▶ _Task prompt_
Leaving out every picture, copy the lines of the material below exactly, from the line containing "Bombed Prints: Civilians" through the line containing "Armband in Weißgold mit Marienkäfer".

▶ _Data provided_

★ ★ ★

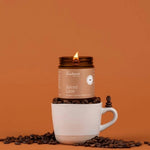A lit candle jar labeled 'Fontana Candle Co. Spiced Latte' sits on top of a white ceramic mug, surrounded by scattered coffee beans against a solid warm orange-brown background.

★ ★ ★

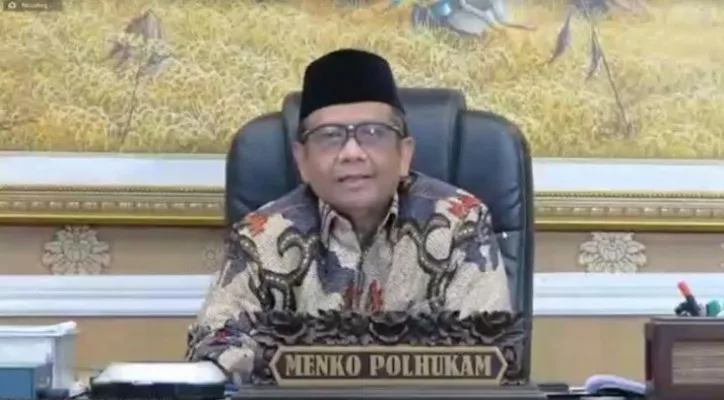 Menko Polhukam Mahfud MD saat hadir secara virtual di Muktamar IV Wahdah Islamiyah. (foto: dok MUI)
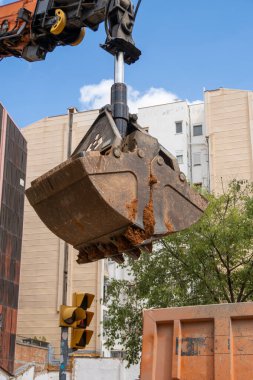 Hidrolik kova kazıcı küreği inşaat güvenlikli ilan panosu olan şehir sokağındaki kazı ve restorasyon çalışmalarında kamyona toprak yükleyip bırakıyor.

★ ★ ★

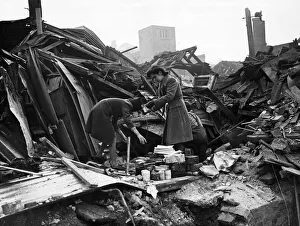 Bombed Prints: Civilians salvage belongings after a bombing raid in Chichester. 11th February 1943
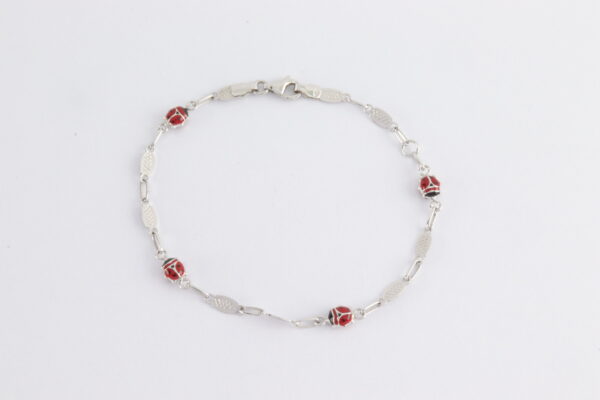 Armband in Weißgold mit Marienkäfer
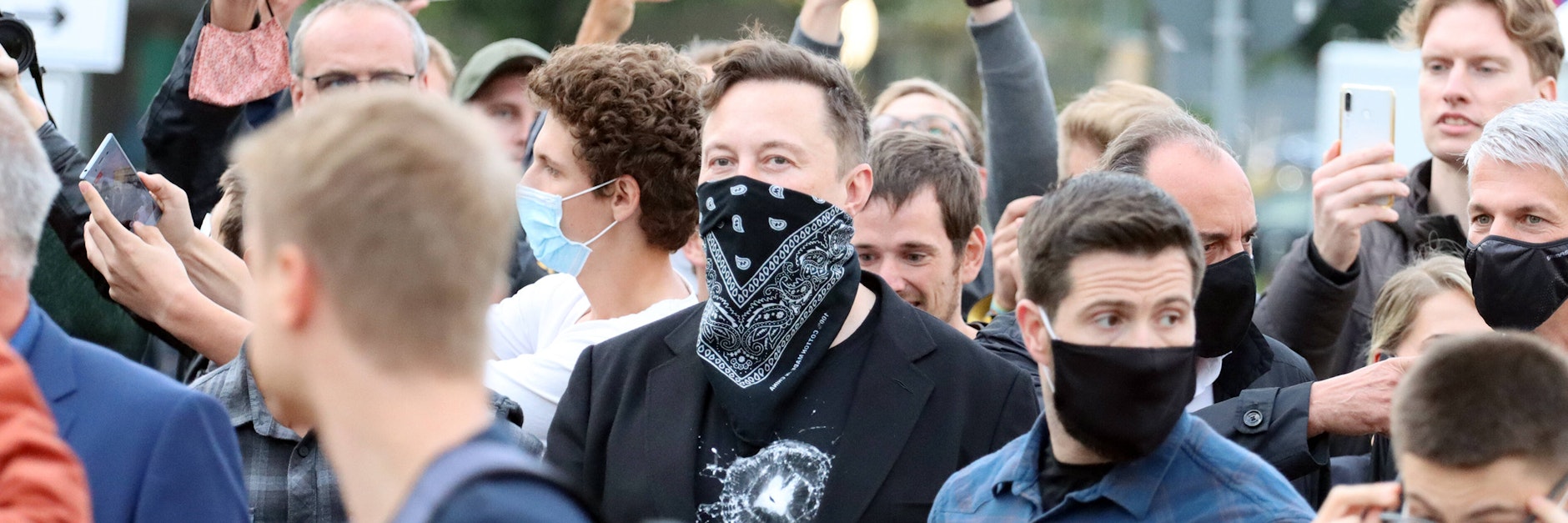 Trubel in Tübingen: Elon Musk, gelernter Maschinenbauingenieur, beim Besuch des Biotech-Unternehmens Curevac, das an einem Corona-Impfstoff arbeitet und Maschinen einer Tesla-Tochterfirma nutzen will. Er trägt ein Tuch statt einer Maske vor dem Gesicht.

★ ★ ★

▶ _Response to this exercise_
 Bombed Prints: Civilians salvage belongings after a bombing raid in Chichester. 11th February 1943
 Armband in Weißgold mit Marienkäfer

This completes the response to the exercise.